**INSTRUCTIONS FOR THE TASK:** Would you print the full listing word for word?

**STUDY MATERIAL:**
※ ※ ※
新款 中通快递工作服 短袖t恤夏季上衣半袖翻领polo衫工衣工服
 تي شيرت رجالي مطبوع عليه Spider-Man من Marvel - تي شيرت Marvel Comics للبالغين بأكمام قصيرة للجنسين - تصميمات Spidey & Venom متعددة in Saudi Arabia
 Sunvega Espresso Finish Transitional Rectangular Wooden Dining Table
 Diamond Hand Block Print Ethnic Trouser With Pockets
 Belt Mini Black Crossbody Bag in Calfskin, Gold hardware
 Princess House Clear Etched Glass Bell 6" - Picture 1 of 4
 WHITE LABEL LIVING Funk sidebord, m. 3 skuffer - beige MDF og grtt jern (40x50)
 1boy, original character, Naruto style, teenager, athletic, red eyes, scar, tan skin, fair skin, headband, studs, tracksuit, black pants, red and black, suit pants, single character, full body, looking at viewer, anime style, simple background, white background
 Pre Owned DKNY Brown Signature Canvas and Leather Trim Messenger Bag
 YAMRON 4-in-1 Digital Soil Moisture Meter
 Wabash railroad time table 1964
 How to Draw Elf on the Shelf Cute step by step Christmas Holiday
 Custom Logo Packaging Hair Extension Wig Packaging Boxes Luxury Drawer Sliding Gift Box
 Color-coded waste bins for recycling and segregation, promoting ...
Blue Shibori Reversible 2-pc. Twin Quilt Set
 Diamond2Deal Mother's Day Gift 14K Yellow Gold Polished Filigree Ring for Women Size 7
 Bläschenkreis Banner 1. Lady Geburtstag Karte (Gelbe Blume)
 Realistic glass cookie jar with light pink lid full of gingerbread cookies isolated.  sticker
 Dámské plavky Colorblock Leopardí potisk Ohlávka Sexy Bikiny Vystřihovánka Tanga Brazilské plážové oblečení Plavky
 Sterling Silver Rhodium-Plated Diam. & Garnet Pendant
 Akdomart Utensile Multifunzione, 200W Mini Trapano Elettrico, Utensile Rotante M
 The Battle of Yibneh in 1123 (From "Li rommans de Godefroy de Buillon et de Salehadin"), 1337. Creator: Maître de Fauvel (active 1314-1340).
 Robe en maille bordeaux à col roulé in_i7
※ ※ ※
**EXPECTED ANSWER:**
新款 中通快递工作服 短袖t恤夏季上衣半袖翻领polo衫工衣工服
 تي شيرت رجالي مطبوع عليه Spider-Man من Marvel - تي شيرت Marvel Comics للبالغين بأكمام قصيرة للجنسين - تصميمات Spidey & Venom متعددة in Saudi Arabia
 Sunvega Espresso Finish Transitional Rectangular Wooden Dining Table
 Diamond Hand Block Print Ethnic Trouser With Pockets
 Belt Mini Black Crossbody Bag in Calfskin, Gold hardware
 Princess House Clear Etched Glass Bell 6" - Picture 1 of 4
 WHITE LABEL LIVING Funk sidebord, m. 3 skuffer - beige MDF og grtt jern (40x50)
 1boy, original character, Naruto style, teenager, athletic, red eyes, scar, tan skin, fair skin, headband, studs, tracksuit, black pants, red and black, suit pants, single character, full body, looking at viewer, anime style, simple background, white background
 Pre Owned DKNY Brown Signature Canvas and Leather Trim Messenger Bag
 YAMRON 4-in-1 Digital Soil Moisture Meter
 Wabash railroad time table 1964
 How to Draw Elf on the Shelf Cute step by step Christmas Holiday
 Custom Logo Packaging Hair Extension Wig Packaging Boxes Luxury Drawer Sliding Gift Box
 Color-coded waste bins for recycling and segregation, promoting ...
Blue Shibori Reversible 2-pc. Twin Quilt Set
 Diamond2Deal Mother's Day Gift 14K Yellow Gold Polished Filigree Ring for Women Size 7
 Bläschenkreis Banner 1. Lady Geburtstag Karte (Gelbe Blume)
 Realistic glass cookie jar with light pink lid full of gingerbread cookies isolated.  sticker
 Dámské plavky Colorblock Leopardí potisk Ohlávka Sexy Bikiny Vystřihovánka Tanga Brazilské plážové oblečení Plavky
 Sterling Silver Rhodium-Plated Diam. & Garnet Pendant
 Akdomart Utensile Multifunzione, 200W Mini Trapano Elettrico, Utensile Rotante M
 The Battle of Yibneh in 1123 (From "Li rommans de Godefroy de Buillon et de Salehadin"), 1337. Creator: Maître de Fauvel (active 1314-1340).
 Robe en maille bordeaux à col roulé in_i7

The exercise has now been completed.